Reputation: 3815
I am scraping an XML document like this:
>>> response.xpath("//ul[@class='meta-info d-flex flex-wrap align-items-center list-unstyled justify-content-around']/li[position()=2]/text()").extract()
and is giving me the following output:
['\n ', '\n\t\t\t ', '\n\t\t\t\t24 Feb, 2019 ', '\n ', '\n\t\t\t ', '\n\t\t\t\t24 Feb, 2019 ', '\n ', '\n\t\t\t ', '\n\t\t\t\t24 Feb, 2019 ', '\n ', '\n\t\t\t ', '\n\t\t\t\t24 Feb, 2019 ', '\n ', '\n\t\t\t ', '\n\t\t\t\t24 Feb, 2019 ', '\n ', '\n\t\t\t ', '\n\t\t\t\t24 Feb, 2019 ', '\n ', '\n\t\t\t ', '\n\t\t\t\t24 Feb, 2019 ', '\n ', '\n\t\t\t ', '\n\t\t\t\t24 Feb, 2019 ', '\n ', '\n\t\t\t ', '\n\t\t\t\t24 Feb, 2019 ', '\n ', '\n\t\t\t ', '\n\t\t\t\t24 Feb, 2019 ', '\n ', '\n\t\t\t ', '\n\t\t\t\t24 Feb, 2019 ', '\n ', '\n\t\t\t ', '\n\t\t\t\t24 Feb, 2019 ', '\n ', '\n\t\t\t ', '\n\t\t\t\t24 Feb, 2019 ', '\n ', '\n\t\t\t ', '\n\t\t\t\t23 Feb, 2019 ', '\n ', '\n\t\t\t ', '\n\t\t\t\t24 Feb, 2019 ', '\n ', '\n\t\t\t ', '\n\t\t\t\t24 Feb, 2019 ', '\n ', '\n\t\t\t ', '\n\t\t\t\t24 Feb, 2019 ', '\n ', '\n\t\t\t ', '\n\t\t\t\t24 Feb, 2019 ', '\n ', '\n\t\t\t ', '\n\t\t\t\t24 Feb, 2019 ', '\n ', '\n\t\t\t ', '\n\t\t\t\t24 Feb, 2019 ', '\n ', '\n\t\t\t ', '\n\t\t\t\t24 Feb, 2019 ']
But I do not want any fields that are either newlines, tabs or whitespaces, so I am trying to use the normalize-space()
function, as follows:
>>> response.xpath("normalize-space(//ul[@class='meta-info d-flex flex-wrap align-items-center list-unstyled justify-content-around']/li[position()=2]/text())").extract()
But I am getting a null output:
['']
What is happening here?
Upvotes: 0
Views: 425
Reputation: 338278
normalize-space()
works on a single string.

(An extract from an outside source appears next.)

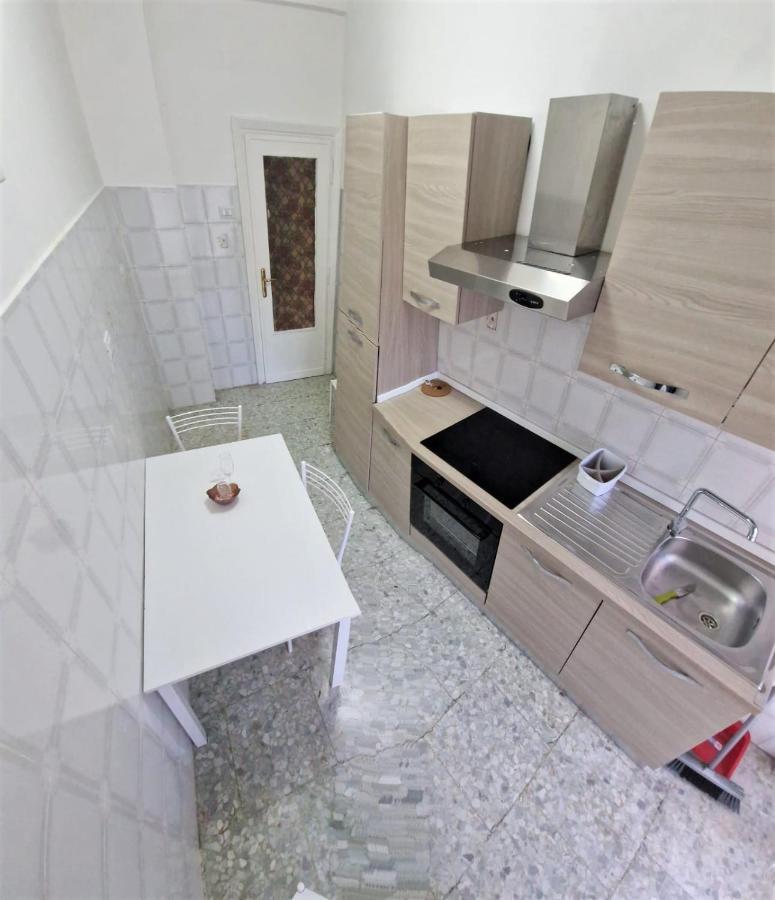 Holiday Home Telese Roma מראה חיצוני תמונה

You are giving it a whole list of nodes.
So it takes the first one, converts that to string, and returns the result. Your first node has a value of '\n '
.
Write a for
loop over //ul[@class='meta-info d-flex flex-wrap align-items-center list-unstyled justify-content-around']/li[position()=2]
and call normalize-string()
on the individual nodes.
Upvotes: 1
Reputation: 1351
I used regex to solve a similar problem, which I included below, if you want to test it. I found that it works well. This question should answer what is happening with normalize-space. It's expected to return an empty string on a text node.
import re
item_text = response.xpath("//ul[@class='meta-info d-flex flex-wrap align-items-center list-unstyled justify-content-around']/li[position()=2]/text()").extract()
re.sub('[\s]{2,}', '\n', "".join(item_text).strip())
Upvotes: 1